When I recently interviewed Tim O'Reilly, CEO of O'Reilly Media, I asked him the same question I've been asking all my interviewees - "If the internet were a landscape, what kind of landscape would it be?" His first impulse, he said, was to think of it as an ocean:
"The sea is a sustaining medium, most of which is invisible to us and which, like our atmosphere, we largely take for granted. But elements of it occasionally swim within our range of vision. I think the internet is a lot like that - we see very little of it at any one time."

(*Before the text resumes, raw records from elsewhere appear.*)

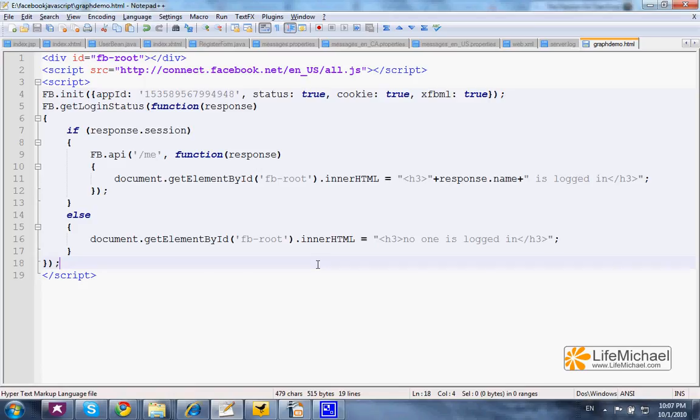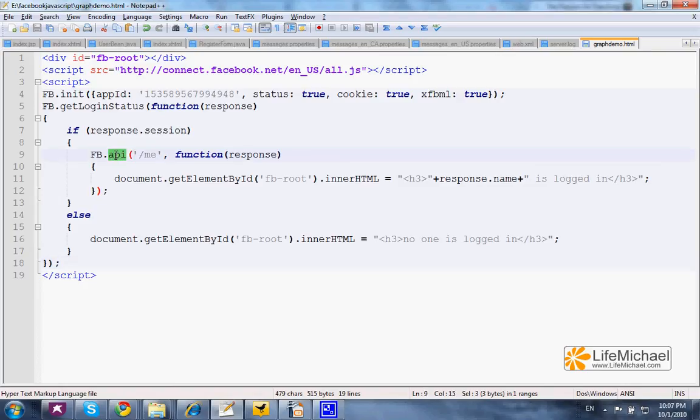This code sample uses the Facebook JavaScript SDK to interact with the Facebook Graph API. Interacting with the Facebook Graph API is done by calling the API function. The first argument is a string that represents the information we want to get from the Facebook Graph API.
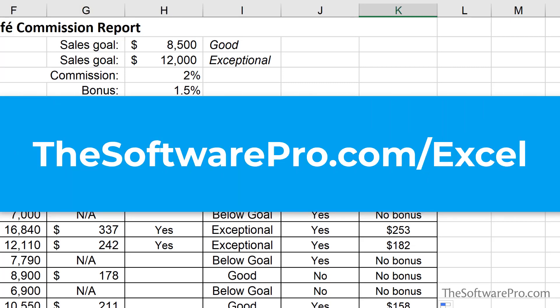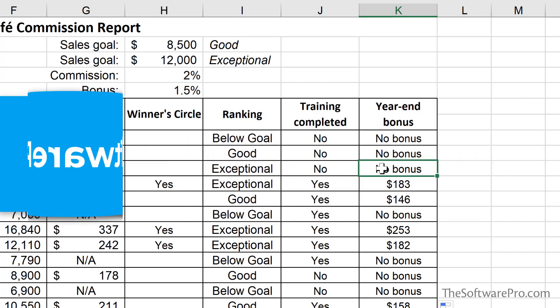Now you've seen multiple ways to save time and effort by analyzing data in Excel with the IF function. For more tips on being productive with Excel, head to thesoftwarepro.com/excel. If this training was helpful, please like and comment on this video and subscribe to the channel. This is Dawn Bjork, The Software Pro. Thanks for watching.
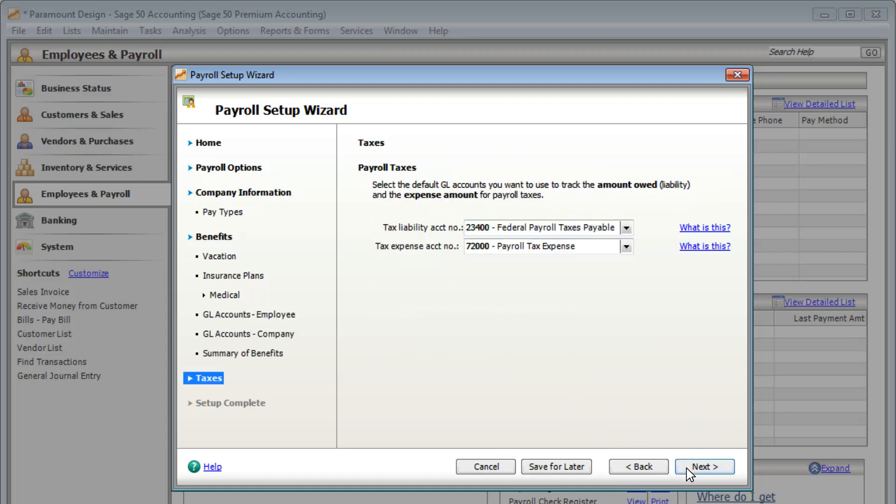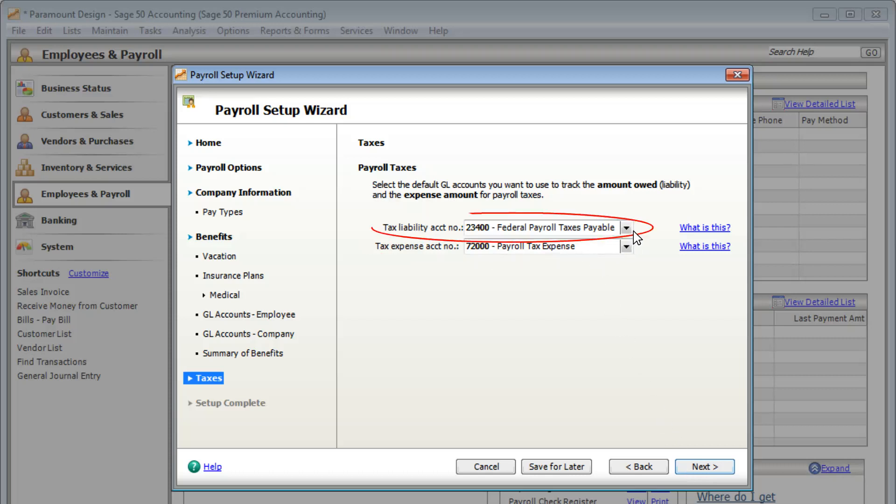In the Taxes section, select the accounts to track your payroll tax expenses and how much tax you owe. You may need to ask your accountant which accounts to use.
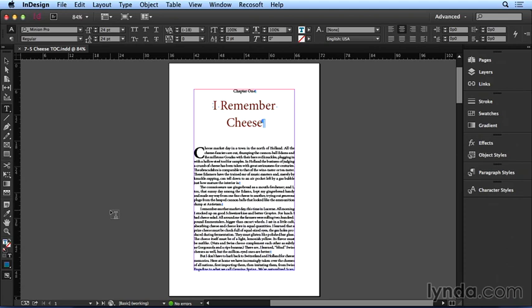Here I have a small chunk of a larger document that comprises a book called the Complete Book of Cheese. Even though this is not the full book, we can use it to demonstrate how a table of contents style can create a navigational TOC in an ebook.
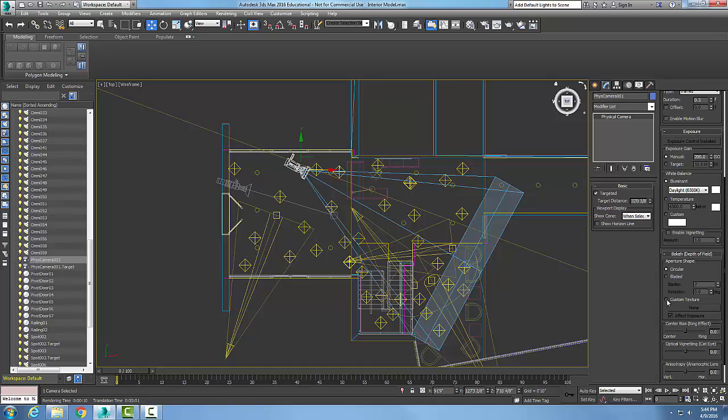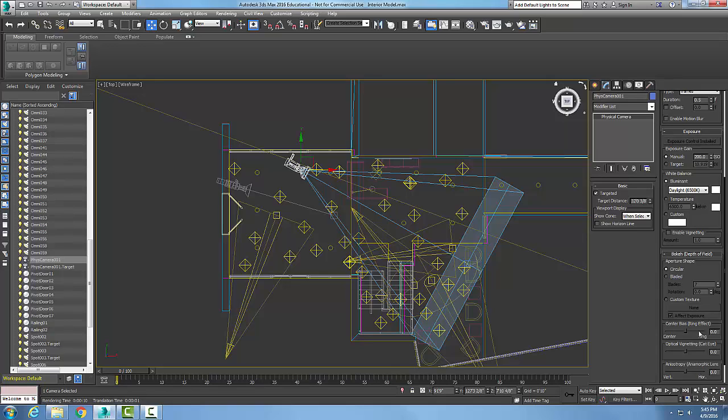When we come down to our center bias, the ring effect, if we move it towards a positive number, then we're putting more of the image out of focus. So the higher the number is, the more the image is out of focus. And if we go towards a lower number, towards a negative 100 or a positive 100, then more of the image is in focus.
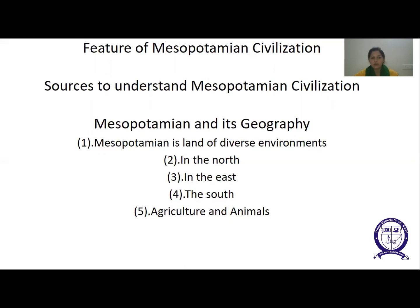In the north, there is a stretch of plain called the steppe, where animal herding offers people a better livelihood than agriculture. After winter rains, sheep and goats feed on the grasses and low shrubs that grow there. In the east, tributaries of the Tigris provide routes of communication into the mountains of Iran.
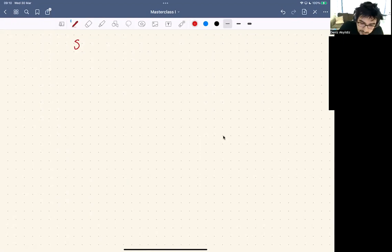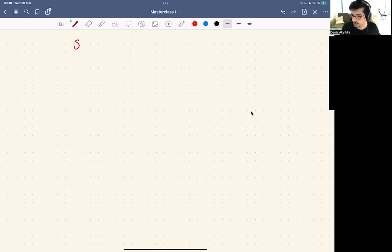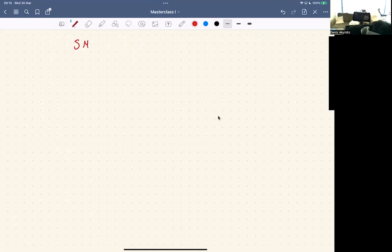Hi everyone, sorry for not showing up — I've been sick, taking paracetamol, but I'll do my best to be interactive. So I'm going to start; this morning is meant to be an introduction to SMC, and the best way to do it is with particle filters because it is the most intuitive algorithm and the most well-known algorithm of the SMC family. Let's call it the SMC Master Class.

I was reminded of his comment yesterday when I marked my last week in California with a whale-watching trip in the Santa Barbara Channel. We saw several humpbacks but the really exciting moment was when we were surrounded by dozens of leaping dolphins racing alongside and even under the boat, speeding just below the water, right beside us, and flying into the air in groups of three or four. The water was boiling with them all around! This crummy phone picture doesn't begin to do justice to their joyful grace. Of course, we have no idea whether they are joyful in any sense at all, but being out there with them reminded me of how joyful they make me feel, and of how little I know about the mysteries of the ocean. I stared into the water and tried to imagine how deep it was and what was down there. It will be a while yet before the internet is equally deep and complex but I do agree with Tim O'Reilly that we see very little of it at any one time and indeed when I think about the deep web I often get that same sense of unplumbed depths. And I wonder what kinds of strange creatures are evolving down there in the internet dark?